Monday, April 06, 2009

5 ways to help recession-proof your relationship

I get stuff sent to me all the time, but with the recession taking an emotional toll on marriages and relationships, I thought I'd pass on this advice from Noelle Nelson, author of "Your Man is Wonderful."

"We've seen the result in violent family tragedies across the country," says Nelson, "but that's just the tip of the iceberg. The heartbreak comes in many forms. One spouse blames the other spouse for their financial predicament. It's a constant blame game. ... People lose hope and leave the marriage either emotionally or physically."

Nelson's five rules to recession-proof your relationship:

1. See yourself as a team. The power of “together” is tremendous. A couple who sees themselves as a team will pool their talents and resources to mutual advantage, give strength to one another, and sustain hope.

2. Focus on each other's strengths and qualities. This is not the time to dwell on your own or your partner’s weaknesses. On the contrary, this is the time to empower each other by taking inventory of your strengths and qualities.

3. Express appreciation to one another -- resist the temptation to put down or criticize. Insecurity is rampant, not just in our external lives, but also internally. In times of crisis, we doubt our abilities, we question whether we have what it takes to pull through, we worry about how much worse things can get. Criticizing or putting down your partner just intensifies those fears, not only in them, but in yourself. Instead, let your partner know how much you appreciate them just as they are, and reassure them of your love. Express your gratitude often -- for however they contribute to the betterment of your lives -- whether it is helping out with the kids, putting in overtime, or sending out yet another resume.

4. Set goals you can work on together -- focus on problem-solving, not blaming. The only way there is light at the end of the tunnel is if you see it there. Brainstorm together to figure out what goals you seek, break those down into smaller goals and rough out a plan for getting there. Keep your sights constantly on “How do we resolve this?” not “You’ll never be able to do that.” Keep that precious “we” front and center, respect your partner's ideas and input as much as you do your own.

5. Acknowledge and celebrate small victories along the way.
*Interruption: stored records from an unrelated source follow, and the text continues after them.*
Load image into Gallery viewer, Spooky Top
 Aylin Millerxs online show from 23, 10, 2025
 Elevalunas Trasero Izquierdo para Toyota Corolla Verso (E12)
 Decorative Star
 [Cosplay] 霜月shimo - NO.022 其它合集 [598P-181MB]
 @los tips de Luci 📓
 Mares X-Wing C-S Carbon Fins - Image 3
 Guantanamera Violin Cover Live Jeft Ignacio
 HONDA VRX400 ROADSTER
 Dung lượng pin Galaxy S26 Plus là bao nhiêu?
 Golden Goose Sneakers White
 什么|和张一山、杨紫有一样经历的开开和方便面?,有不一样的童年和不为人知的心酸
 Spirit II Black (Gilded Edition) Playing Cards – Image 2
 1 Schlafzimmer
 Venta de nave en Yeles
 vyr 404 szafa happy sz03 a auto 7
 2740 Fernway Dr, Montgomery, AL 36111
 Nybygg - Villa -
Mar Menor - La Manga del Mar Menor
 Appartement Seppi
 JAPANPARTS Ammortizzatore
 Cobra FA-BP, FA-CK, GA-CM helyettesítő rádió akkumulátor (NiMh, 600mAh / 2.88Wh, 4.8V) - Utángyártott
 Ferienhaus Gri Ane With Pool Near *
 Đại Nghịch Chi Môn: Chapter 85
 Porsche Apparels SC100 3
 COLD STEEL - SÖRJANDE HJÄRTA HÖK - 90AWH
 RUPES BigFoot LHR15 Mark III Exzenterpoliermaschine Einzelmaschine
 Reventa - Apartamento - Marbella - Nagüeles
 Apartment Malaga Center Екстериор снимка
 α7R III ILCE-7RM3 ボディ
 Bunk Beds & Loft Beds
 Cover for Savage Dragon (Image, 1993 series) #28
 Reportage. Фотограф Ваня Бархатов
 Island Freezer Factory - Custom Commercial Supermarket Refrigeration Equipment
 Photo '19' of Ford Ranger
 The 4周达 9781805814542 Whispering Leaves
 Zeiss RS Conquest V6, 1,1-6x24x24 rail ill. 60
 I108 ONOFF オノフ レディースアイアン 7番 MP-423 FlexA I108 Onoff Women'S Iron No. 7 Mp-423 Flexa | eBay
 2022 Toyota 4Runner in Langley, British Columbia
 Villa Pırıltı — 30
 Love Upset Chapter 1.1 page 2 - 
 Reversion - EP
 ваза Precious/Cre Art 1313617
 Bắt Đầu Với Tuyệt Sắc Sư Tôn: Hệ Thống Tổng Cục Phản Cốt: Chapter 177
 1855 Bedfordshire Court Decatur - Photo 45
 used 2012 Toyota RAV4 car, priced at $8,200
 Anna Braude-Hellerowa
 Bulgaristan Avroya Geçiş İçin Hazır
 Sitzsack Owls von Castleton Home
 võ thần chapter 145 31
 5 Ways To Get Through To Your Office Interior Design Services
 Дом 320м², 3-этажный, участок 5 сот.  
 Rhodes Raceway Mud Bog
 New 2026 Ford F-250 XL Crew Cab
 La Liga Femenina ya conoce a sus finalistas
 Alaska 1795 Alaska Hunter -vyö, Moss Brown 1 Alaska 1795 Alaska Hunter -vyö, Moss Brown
The more crisis enters your life, the more difficult it is to sustain positivity and pro-activity. That’s why it’s so important to acknowledge and celebrate every small gain you achieve. Whether it’s figuring out a swap with the neighbor -- after school child care in return for computer lessons -- or making it through the next round of layoffs without losing your job, enthusiastically cheer every bit of progress.

"The economic crisis is not going to change overnight," says Nelson. "In an age of instant gratification, it's sometimes hard to be patient and remain strong and committed within a marriage during trying times. In the end, however, these ordeals can make a marriage stronger as partners truly commit to each other."

2 comments:

Mary said...

Great post. Blaming doesn't accomplish anything.

Anonymous said...

you guys finally get the boot? or no more articles you can find to cut and paste?